I haven’t really written journal-type stuff (outside of this blog) for a pretty long time. It’s been fits and starts, on and off, without much commitment. I’ve also been a bit wary of the whole journaling thing, because it tends to pull me into a self-consumed state of mine where I hash over the same stuff over and over and over again. And then when I look back, it really bothers me that I couldn’t get out off that loop.

This weekend, though, I did a lot of writing. I just didn’t care about the danger of “looping”.  I was sick. I was feeling bad. And it gave me some relief.

So, that’s good.

What was really good about it, was that I was writing in a different way than I used to, when I kept those “loop journals”. This time, I was writing for the specific purpose of getting my brain online.  See, I believe that the ways we use our brains determine how they are shaped, and I believe that writing is an excellent way of reshaping our brains. Keeping up this blog has been a huge part of my recovery — both because it helps me, and because it seems to help others. There are just no downsides (so long as I don’t let the blogging interfere with my daily routines).

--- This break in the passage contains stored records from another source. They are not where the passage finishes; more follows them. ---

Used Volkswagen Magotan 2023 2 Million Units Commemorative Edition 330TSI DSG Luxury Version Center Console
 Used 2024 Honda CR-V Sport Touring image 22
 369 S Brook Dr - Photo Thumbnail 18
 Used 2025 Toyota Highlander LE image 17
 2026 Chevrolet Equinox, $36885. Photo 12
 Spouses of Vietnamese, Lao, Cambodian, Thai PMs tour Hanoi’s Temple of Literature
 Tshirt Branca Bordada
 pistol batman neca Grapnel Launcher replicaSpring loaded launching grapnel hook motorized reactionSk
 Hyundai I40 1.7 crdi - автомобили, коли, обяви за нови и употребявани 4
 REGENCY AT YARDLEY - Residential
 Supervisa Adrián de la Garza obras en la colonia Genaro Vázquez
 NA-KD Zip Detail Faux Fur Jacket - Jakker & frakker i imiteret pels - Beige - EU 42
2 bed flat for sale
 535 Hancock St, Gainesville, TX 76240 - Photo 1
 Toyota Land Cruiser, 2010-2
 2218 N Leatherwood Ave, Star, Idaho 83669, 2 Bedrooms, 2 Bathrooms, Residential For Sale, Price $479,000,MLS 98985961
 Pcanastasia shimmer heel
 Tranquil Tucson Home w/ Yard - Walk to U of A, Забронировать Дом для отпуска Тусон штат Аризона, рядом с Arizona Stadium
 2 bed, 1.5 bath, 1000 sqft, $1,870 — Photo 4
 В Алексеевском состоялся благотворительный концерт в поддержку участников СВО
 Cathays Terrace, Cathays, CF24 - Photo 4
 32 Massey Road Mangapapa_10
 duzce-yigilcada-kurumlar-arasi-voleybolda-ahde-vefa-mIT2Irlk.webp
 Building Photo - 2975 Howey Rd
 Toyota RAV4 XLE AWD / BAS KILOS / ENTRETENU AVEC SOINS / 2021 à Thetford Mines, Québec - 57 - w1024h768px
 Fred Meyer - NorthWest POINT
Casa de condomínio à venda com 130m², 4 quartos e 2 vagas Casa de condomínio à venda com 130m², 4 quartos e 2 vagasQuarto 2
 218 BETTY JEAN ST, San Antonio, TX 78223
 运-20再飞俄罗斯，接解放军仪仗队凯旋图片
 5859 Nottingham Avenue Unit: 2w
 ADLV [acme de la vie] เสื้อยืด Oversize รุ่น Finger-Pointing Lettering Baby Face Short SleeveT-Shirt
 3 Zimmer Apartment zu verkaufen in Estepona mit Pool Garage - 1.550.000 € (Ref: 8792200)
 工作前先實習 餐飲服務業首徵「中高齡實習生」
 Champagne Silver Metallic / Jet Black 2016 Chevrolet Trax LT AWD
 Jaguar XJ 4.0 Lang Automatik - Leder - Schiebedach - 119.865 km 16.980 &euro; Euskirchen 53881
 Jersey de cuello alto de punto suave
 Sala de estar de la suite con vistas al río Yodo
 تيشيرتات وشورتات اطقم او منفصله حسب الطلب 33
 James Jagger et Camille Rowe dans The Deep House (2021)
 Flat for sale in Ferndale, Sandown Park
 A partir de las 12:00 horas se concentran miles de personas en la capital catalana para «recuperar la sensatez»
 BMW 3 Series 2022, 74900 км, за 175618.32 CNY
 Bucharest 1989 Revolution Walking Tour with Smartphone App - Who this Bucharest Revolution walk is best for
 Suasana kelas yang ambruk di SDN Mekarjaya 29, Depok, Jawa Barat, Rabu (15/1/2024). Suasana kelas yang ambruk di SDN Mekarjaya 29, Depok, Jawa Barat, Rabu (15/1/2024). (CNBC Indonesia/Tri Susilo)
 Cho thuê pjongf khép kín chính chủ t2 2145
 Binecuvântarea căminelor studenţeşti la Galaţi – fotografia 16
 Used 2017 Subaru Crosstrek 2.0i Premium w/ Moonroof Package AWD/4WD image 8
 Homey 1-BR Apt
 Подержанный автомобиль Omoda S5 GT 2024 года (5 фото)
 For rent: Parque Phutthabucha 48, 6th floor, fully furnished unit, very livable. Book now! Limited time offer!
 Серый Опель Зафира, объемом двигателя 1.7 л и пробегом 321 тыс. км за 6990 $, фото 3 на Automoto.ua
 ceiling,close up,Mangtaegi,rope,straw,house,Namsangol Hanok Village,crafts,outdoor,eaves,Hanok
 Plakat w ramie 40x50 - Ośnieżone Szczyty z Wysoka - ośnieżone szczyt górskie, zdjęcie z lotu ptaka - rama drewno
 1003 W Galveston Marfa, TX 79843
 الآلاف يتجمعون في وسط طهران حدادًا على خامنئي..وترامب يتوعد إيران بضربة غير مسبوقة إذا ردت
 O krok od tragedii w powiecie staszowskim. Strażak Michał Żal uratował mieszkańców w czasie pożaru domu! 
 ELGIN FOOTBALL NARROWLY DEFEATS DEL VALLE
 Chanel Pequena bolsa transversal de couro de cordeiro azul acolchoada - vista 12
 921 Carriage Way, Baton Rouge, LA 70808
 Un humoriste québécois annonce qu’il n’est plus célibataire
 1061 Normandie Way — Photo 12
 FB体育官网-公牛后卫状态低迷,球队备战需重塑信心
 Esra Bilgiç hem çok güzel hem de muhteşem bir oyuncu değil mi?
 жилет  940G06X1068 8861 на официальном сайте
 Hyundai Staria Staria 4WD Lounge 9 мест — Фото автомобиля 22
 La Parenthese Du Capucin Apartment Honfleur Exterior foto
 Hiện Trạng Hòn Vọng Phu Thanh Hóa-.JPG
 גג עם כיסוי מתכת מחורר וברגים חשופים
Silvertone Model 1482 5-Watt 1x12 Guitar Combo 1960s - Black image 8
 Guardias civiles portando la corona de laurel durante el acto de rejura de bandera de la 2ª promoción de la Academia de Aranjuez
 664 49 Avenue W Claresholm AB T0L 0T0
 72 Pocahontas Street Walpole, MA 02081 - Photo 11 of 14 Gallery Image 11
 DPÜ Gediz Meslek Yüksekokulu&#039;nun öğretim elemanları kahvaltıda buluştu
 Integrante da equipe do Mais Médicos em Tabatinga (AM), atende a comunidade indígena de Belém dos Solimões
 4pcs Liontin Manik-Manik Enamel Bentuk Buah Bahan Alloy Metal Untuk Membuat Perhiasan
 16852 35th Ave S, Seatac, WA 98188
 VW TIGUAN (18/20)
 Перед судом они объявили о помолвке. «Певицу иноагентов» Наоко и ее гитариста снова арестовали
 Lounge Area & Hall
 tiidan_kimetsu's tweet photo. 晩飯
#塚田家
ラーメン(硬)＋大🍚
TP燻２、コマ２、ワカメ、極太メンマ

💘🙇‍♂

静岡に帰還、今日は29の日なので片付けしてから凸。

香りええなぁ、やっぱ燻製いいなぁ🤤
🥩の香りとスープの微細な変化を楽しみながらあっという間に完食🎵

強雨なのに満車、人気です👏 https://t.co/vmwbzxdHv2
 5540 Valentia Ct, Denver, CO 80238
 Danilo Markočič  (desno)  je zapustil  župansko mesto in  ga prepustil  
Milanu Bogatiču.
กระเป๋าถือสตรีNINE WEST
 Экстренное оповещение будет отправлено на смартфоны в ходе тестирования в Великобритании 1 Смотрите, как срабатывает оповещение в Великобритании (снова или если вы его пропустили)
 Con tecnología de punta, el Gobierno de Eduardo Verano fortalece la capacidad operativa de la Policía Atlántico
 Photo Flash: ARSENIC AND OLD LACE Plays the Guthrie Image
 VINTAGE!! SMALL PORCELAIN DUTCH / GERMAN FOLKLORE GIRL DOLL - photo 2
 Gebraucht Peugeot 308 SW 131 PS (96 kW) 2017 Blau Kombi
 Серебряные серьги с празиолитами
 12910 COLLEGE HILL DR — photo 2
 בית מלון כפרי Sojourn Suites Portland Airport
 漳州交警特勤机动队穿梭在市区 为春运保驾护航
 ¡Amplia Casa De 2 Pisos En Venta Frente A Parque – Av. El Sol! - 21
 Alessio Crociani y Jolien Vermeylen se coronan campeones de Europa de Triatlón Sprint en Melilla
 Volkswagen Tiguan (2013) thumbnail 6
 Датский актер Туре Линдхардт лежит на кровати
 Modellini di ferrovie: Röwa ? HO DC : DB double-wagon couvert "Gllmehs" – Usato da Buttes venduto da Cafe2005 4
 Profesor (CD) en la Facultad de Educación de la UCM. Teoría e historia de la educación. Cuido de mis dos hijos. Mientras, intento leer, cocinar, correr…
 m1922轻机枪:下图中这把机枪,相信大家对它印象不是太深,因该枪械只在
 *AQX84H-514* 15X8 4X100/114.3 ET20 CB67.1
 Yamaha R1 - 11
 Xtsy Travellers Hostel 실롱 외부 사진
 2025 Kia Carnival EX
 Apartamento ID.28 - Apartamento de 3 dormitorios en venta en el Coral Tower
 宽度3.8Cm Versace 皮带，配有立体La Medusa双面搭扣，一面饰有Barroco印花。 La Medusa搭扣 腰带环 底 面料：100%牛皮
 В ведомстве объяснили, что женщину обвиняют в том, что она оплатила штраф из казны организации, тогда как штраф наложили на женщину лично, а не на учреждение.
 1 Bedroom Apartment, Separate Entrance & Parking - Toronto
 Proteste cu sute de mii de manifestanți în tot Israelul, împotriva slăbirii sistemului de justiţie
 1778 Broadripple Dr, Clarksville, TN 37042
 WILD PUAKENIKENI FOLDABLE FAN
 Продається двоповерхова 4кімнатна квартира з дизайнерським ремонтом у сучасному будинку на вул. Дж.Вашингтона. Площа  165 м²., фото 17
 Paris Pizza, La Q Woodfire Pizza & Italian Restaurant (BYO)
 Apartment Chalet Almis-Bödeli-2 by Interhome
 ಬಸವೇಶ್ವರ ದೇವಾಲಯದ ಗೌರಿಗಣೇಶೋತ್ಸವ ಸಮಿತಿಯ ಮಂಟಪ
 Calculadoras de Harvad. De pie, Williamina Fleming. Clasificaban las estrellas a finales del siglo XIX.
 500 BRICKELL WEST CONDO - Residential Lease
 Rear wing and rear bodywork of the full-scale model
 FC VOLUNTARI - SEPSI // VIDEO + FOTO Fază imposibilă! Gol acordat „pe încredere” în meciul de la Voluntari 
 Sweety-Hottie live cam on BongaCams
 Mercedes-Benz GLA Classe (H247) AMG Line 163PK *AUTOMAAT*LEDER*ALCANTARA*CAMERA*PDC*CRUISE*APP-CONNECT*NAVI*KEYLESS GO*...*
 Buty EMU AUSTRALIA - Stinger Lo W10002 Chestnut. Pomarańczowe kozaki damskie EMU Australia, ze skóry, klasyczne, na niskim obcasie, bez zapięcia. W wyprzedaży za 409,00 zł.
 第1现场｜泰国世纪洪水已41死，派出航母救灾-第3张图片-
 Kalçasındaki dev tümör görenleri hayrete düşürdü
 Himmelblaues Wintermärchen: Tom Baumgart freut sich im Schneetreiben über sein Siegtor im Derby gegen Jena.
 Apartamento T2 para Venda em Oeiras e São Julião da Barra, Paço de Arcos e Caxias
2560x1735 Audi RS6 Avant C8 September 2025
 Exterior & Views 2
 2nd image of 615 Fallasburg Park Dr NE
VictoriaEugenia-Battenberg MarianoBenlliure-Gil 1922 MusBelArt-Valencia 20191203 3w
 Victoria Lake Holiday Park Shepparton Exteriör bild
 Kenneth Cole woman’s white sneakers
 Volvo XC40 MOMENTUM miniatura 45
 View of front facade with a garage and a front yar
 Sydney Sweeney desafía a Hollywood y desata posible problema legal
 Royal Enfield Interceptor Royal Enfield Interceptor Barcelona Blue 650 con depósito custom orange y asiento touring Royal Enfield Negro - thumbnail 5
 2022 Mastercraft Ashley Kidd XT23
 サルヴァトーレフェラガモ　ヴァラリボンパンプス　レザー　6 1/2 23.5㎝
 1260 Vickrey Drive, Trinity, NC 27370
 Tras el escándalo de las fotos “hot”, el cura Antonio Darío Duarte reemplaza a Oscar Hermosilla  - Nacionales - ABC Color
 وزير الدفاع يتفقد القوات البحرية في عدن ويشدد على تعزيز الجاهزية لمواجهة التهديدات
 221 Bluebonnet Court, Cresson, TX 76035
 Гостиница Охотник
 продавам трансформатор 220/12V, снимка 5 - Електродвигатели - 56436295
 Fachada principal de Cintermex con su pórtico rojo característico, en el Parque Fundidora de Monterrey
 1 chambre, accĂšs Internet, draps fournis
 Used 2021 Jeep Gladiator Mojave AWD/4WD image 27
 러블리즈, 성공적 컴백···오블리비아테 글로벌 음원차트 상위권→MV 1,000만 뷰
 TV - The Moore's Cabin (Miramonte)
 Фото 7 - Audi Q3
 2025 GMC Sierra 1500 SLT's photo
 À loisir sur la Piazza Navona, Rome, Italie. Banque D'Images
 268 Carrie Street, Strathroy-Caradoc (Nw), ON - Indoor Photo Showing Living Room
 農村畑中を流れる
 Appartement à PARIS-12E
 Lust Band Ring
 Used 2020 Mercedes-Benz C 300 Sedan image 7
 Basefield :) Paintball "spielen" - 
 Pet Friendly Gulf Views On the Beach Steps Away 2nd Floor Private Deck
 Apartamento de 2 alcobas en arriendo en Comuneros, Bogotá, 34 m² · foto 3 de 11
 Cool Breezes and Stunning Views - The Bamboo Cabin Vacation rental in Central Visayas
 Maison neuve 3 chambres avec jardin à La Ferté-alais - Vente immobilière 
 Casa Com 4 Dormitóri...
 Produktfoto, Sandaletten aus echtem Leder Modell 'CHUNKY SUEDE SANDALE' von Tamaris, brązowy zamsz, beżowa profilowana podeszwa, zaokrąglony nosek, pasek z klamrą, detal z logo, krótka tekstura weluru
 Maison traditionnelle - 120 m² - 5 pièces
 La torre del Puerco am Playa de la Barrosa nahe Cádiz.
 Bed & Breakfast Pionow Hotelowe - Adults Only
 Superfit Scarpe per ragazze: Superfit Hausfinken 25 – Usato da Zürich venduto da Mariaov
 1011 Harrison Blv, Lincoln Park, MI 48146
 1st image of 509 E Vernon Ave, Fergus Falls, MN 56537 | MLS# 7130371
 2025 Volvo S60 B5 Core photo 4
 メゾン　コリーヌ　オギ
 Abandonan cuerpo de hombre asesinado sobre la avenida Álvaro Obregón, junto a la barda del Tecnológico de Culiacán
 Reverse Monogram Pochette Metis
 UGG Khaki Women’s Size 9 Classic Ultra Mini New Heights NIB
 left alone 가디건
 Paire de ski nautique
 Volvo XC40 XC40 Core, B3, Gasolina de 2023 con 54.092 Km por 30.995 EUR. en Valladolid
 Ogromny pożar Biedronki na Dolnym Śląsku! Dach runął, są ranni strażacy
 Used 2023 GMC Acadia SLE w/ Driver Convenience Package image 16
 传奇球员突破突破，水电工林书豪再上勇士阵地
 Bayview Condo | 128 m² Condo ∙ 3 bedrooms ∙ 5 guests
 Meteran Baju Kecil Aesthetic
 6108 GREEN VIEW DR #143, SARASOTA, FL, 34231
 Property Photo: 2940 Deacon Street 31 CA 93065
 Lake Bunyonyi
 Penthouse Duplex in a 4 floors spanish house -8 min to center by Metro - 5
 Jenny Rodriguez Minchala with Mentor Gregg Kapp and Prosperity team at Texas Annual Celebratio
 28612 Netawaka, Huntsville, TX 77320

What I did this weekend, was spend a lot of time really paying attention to my life and the world around me. I paid really close attention to the qualities and characteristics of the things around me — the minor parts of life that are so full of rich details that if we stopped to pay real attention to them, our lives would be as full and as wonderful as any action movie. I do believe that. The reason it doesn’t happen is, we just don’t try. We don’t realize that’s possible. And we don’t do it, so we don’t have practice, so it’s hard for us to do — and things that are hard are really no fun, so we don’t do them. And we get even more out of practice.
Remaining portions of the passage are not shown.